Ils se rencontrent en 2011 durant leurs études en design, à Saint-Luc Tournai. Ils poursuivent ensuite ensemble leur formation par un master en design industriel à La Cambre.
En 2015, ils reçoivent le premier prix dans la catégorie design de mobilier lors du MAD Surprize! Young Belgian Design Awards, à la suite de quoi ils fondent Paulineplusluis.
A partir de 2018, ils livrent des créations pour Habitat, Hartô, Matière Grise, Hayche et – chez nous – Serax, XL Boom et Deknudt Mirrors.
En 2023, ils conçoivent le mobilier d’accueil du Centre Wallonie-Bruxelles à Paris.
Ce qu’en dit le jury
Depuis 2006, l’élection du Designer de l’année met en lumière des talents innovants qui méritent un tremplin professionnel. Cette année, le jury était composé d’Amélie Rombauts (Le Vif Weekend et Knack Weekend), Hanne Debaere (Flanders DC/For The Now), Lisa Declercq (Design Nation/Design Regio Kortrijk), Evelien Bracke (Design Museum Gent), Dieter Van Den Storm (MAD Brussels), Laure Capitani (Wallonie-Bruxelles Design Mode) et Marie Pok (CID Grand-Hornu).
Amélie Rombauts, journaliste design pour Le Vif Weekend et Knack Weekend
«Les extraordinaires lampes conçues par Pauline Capdo et Luis Bellenger surprennent par leur simplicité et font de leur studio un digne ambassadeur de ce que la Belgique peut offrir en termes de design de produits.»
Dieter Van Den Storm, directeur artistique de MAD Brussels
«Avec toute l‘attention portée au collectible design, on en oublierait presque qu’on doit aussi concevoir et fabriquer des objets utilitaires. Paulineplusluis est synonyme de produits bien pensés où l‘innovation et l‘esthétique épurée vont de pair.»

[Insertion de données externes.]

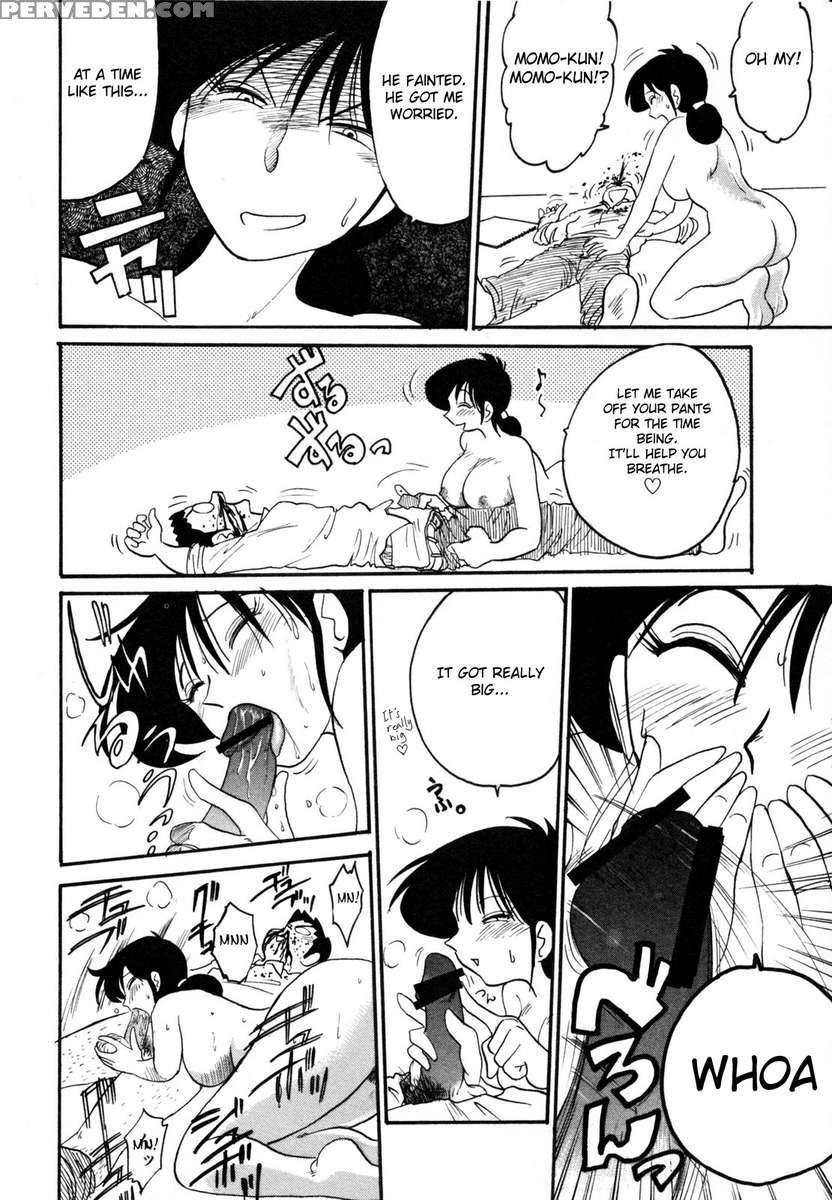 Incest Diary Of Hisae Vol. 1 1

Marie Pok, directrice du CID Grand-Hornu
«Pauline et Luis combinent une grande économie de moyens à un langage visuel simple mais reconnaissable. En utilisant des matériaux ordinaires de manière inhabituelle, ils créent des applications inattendues pour des objets uniques.»
A suivre
Design Nation. Le prix du Designer de l’année est remis ce 17 octobre, à Kortrijk Xpo, lors de ce salon pour les pros du design. Les créations du duo y seront exposées et la cérémonie sera suivie d’une interview en direct du couple.
design-nation.eu
For the Now. Paulineplusluis sera présent lors de cette plate-forme de design qui présente au grand public des talents émergents et reconnus, les 16 et 17 novembre à Tour & Taxis, à Bruxelles.
forthenow.be
Encounter(s). Le Prix des jeunes artistes du Parlement de la FWB récompense 5 studios dont Paulineplusluis et expose leur travail au CID, à Hornu.
cid-grand-hornu.be
Creative lunch. Le duo sera présent à MAD Brussels le 7 novembre.